Gotta love a little before and after! 1953 Schwinn world traveler picked up locally, had to save it. Shame the decals were super faded…paint is in incredible shape so I found some new decals on ebay. Removed all of the old, polished the paint and applied the largest water decals my anxiety could ever handle!


----------



## Cruiserdude94 (Sep 4, 2021)




----------



## SirMike1983 (Sep 4, 2021)

Great color.


----------



## rollfaster (Sep 4, 2021)

Very nice! Love the blue lightweights!


----------



## Eric Amlie (Sep 5, 2021)

Nice job on the decals.
I have a 54 model in green that needs the same thing.
I've never monkeyed with decals before, so am hesitant to try it.


----------



## Cruiserdude94 (Sep 5, 2021)

rollfaster said:


> Very nice!
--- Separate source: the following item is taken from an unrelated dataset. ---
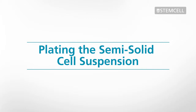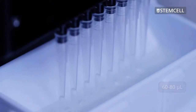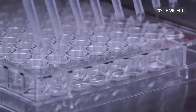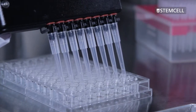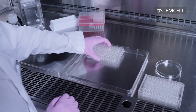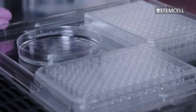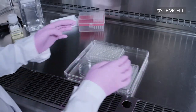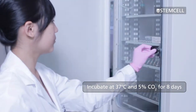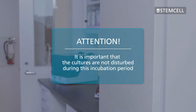Using a multi-channel pipetter with sterile, wide-bore pipette tips, dispense 60 to 80 microliters of the final mixture into each well of a 96-well plate. As the mixture is very viscous, it can be difficult to pipette; however, it is not crucial to dispense exactly the same volume into each well. We recommend placing the covered 96-well plates inside a larger dish along with an uncovered dish of sterile water. This will help to ensure that the cultures are well humidified. Place the cover on the large dish and incubate the cultures at 37 degrees Celsius and 5% carbon dioxide for 8 days. It is important that the cultures are not disturbed during this incubation period.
Love the blue lightweights!
> 
> View attachment 1472657



Sweet!! I love the ones with painted fenders!!


----------



## Cruiserdude94 (Sep 5, 2021)

Eric Amlie said:


> Nice job on the decals.
> I have a 54 model in green that needs the same thing.
> I've never monkeyed with decals before, so am hesitant to try it.
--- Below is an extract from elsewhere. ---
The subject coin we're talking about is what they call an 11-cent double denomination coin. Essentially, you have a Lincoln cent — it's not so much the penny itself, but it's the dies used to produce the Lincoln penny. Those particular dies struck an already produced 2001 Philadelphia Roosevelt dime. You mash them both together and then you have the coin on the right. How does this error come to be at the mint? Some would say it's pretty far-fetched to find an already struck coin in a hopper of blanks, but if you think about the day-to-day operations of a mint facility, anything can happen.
I’ve had the opportunity to apply several smaller water decals for resto projects but these were very difficult due to their size… being able to put the frame in a bike stand to keep the tube you are working on horizontal is the key to getting them applied. They will never be perfect, they weren’t perfect when they were originally applied either … keeping the frame tube horizontal let’s gravity do a lot of the work for you and alsways have a very wet cloth or sponge in hand at all times to help you finesse and move them into the right position 🤘🏼


----------



## 49autocycledeluxe (Sep 6, 2021)

very nice. I have a '50.


----------



## Oilit (Sep 11, 2021)

The new decals look sharp! Did you replace the seat post decal as well? It doesn't look bad in the first photo.


----------



## Cruiserdude94 (Oct 6, 2021)

Oilit said:


> The new decals look sharp! Did you replace the seat post decal as well? It doesn't look bad in the first photo.



Seat post decal hasn’t been replaced yet. It’s been giving me lots of trouble removing the old one carefully enough to not damage the paint.. I’ll come back to it another day haha


----------